## PROMPT
Your copy should match the listing word for word, apart from the pictures, which are left out.

## DATA SEGMENT
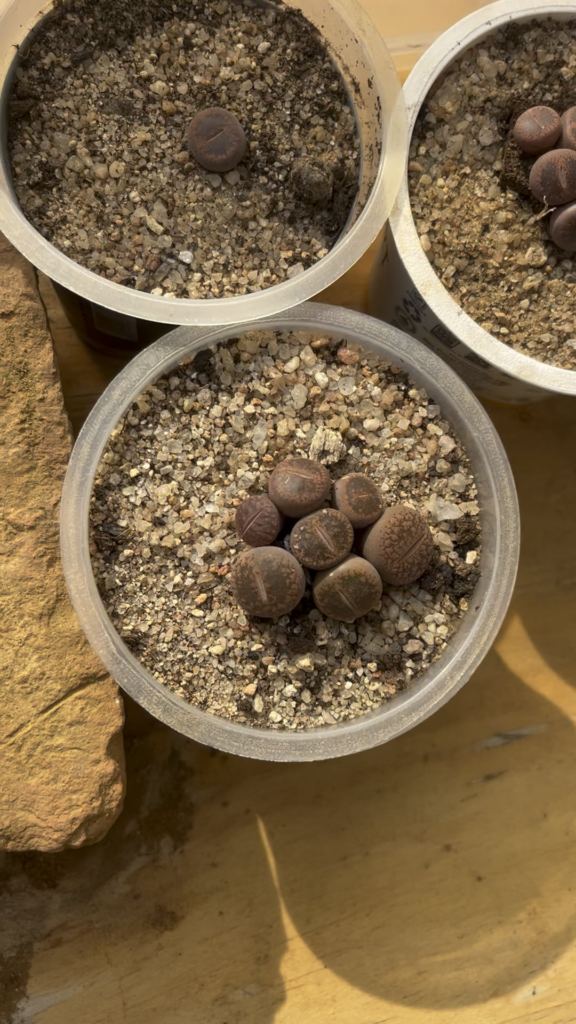 Update on dehydrated Lithops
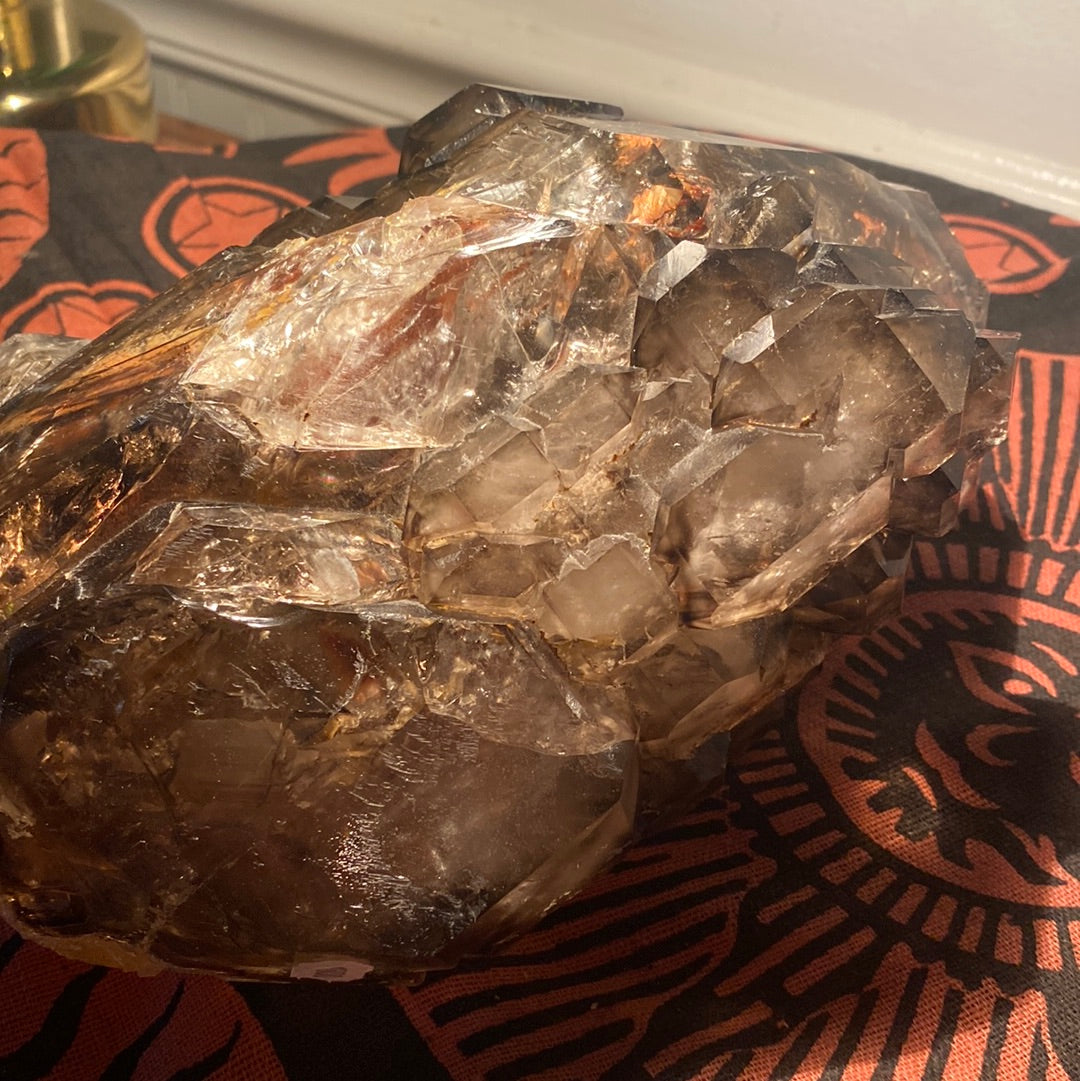 “Jacaré” Alligator Smokey Quartz XL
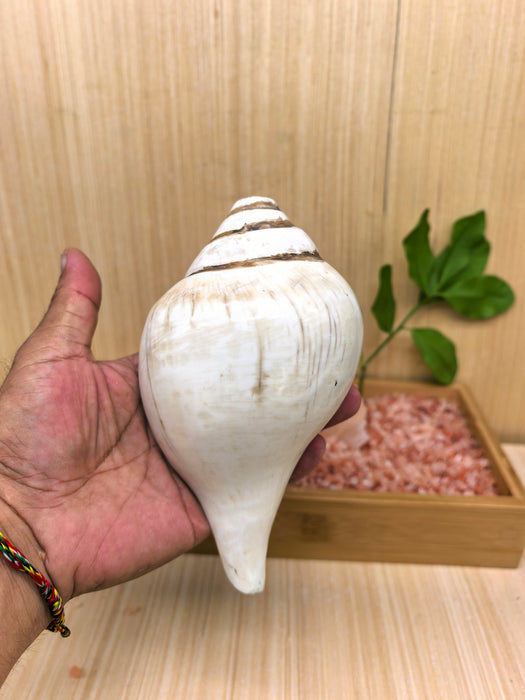 Conchiglia Tibetana Naturale per Cerimonie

## EXERCISE RESPONSE
 Update on dehydrated Lithops
 “Jacaré” Alligator Smokey Quartz XL
 Conchiglia Tibetana Naturale per Cerimonie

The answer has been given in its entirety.